◆ **Entries provided**
________________
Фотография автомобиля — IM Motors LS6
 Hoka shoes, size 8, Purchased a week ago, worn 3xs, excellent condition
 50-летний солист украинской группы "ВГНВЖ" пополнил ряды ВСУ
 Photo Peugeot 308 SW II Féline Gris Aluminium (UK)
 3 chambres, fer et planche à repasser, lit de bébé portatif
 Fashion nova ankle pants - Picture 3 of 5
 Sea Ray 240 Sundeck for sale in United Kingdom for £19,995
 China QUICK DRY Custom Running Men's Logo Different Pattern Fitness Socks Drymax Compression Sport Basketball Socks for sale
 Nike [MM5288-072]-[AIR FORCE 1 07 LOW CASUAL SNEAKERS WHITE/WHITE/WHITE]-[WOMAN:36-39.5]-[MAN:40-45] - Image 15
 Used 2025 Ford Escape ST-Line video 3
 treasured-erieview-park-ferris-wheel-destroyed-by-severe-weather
________________
◆ **What the task requires**
Filter the listing above, keeping only the lines with "sale".

◆ **Solution for this task**
 Sea Ray 240 Sundeck for sale in United Kingdom for £19,995
 China QUICK DRY Custom Running Men's Logo Different Pattern Fitness Socks Drymax Compression Sport Basketball Socks for sale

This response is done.